(Beginning of MATERIAL PROVIDED)

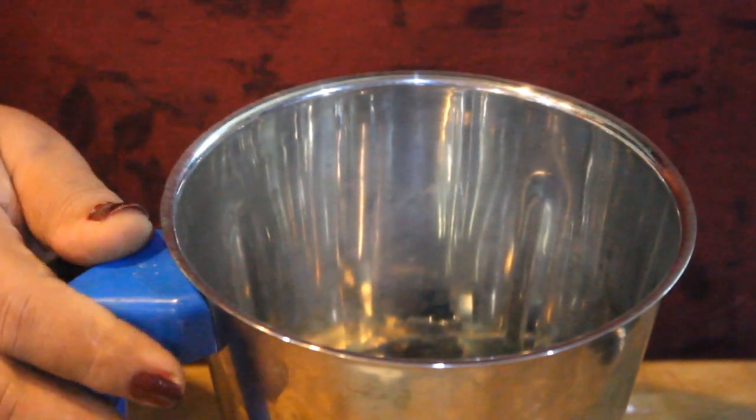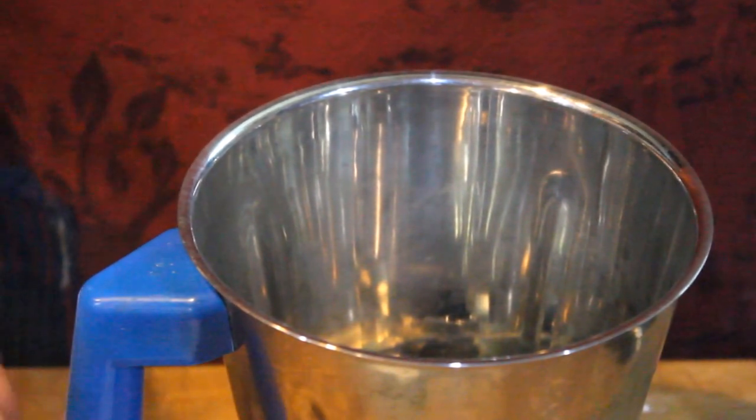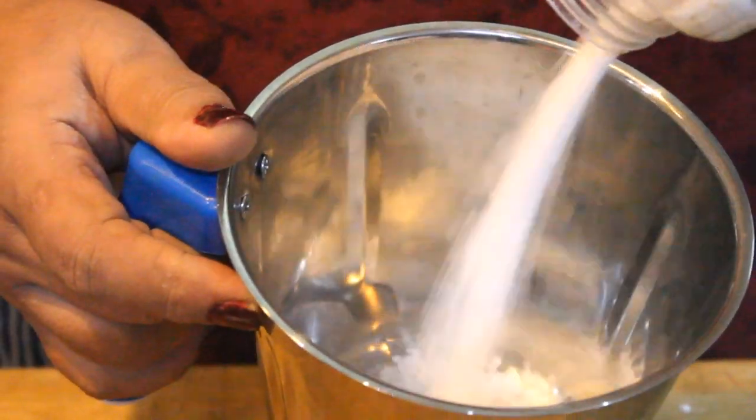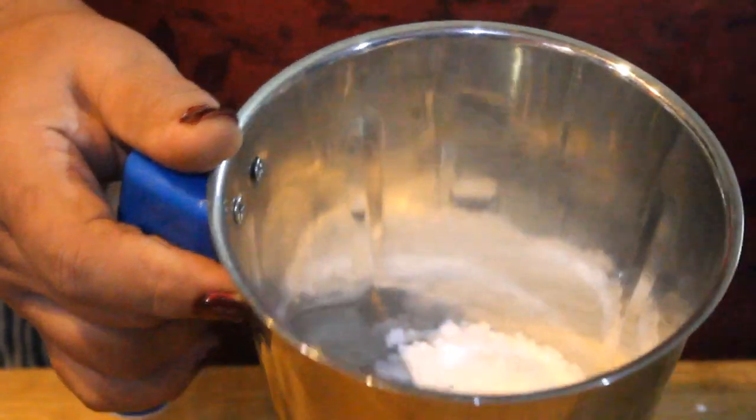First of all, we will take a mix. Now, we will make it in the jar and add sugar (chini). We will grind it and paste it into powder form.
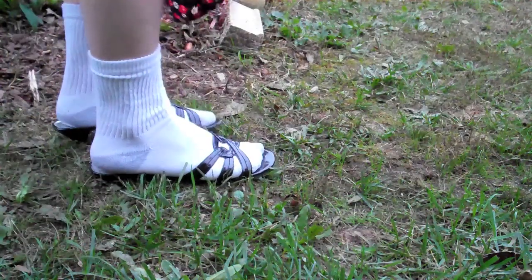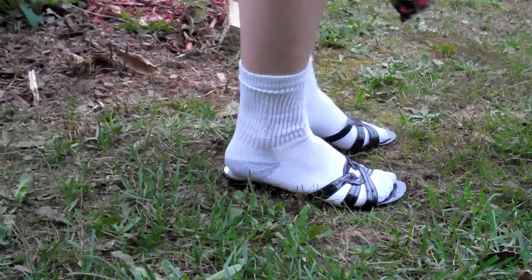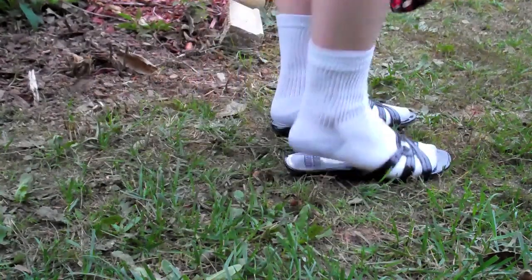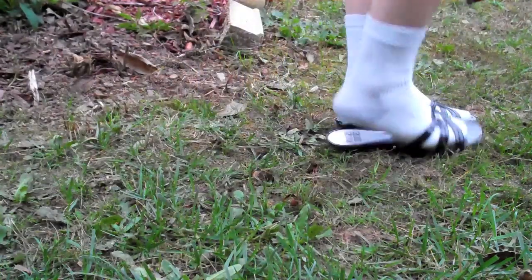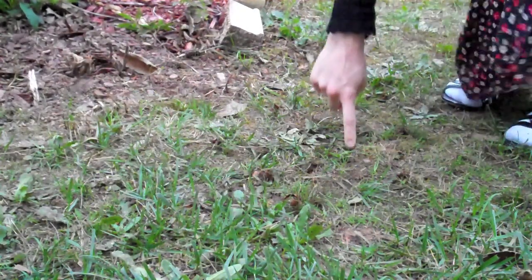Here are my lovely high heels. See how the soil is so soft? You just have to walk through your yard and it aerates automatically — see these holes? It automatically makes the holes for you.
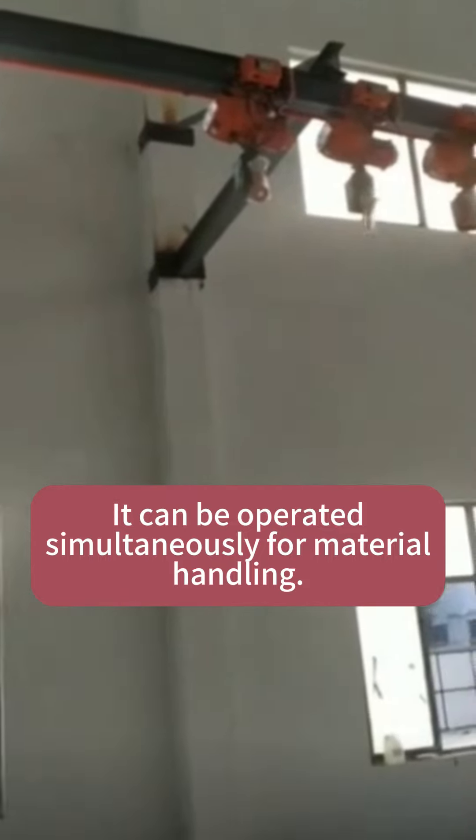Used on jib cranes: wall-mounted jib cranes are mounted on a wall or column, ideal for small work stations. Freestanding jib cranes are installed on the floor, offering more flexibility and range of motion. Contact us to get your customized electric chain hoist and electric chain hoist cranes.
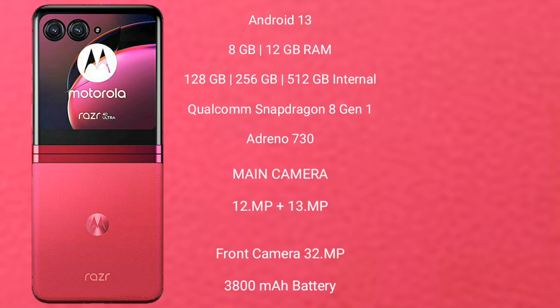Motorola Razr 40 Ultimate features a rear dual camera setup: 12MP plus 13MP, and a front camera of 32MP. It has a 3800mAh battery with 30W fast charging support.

(End of MATERIAL PROVIDED)

> _TO DO_
Retype the line containing "Here are my" and all lines after it to the end of the material, exactly as written, leaving out any pictures.

> _COMPLETED EXERCISE_
Here are my lovely high heels. See how the soil is so soft? You just have to walk through your yard and it aerates automatically — see these holes? It automatically makes the holes for you.
Used on jib cranes: wall-mounted jib cranes are mounted on a wall or column, ideal for small work stations. Freestanding jib cranes are installed on the floor, offering more flexibility and range of motion. Contact us to get your customized electric chain hoist and electric chain hoist cranes.
Motorola Razr 40 Ultimate features a rear dual camera setup: 12MP plus 13MP, and a front camera of 32MP. It has a 3800mAh battery with 30W fast charging support.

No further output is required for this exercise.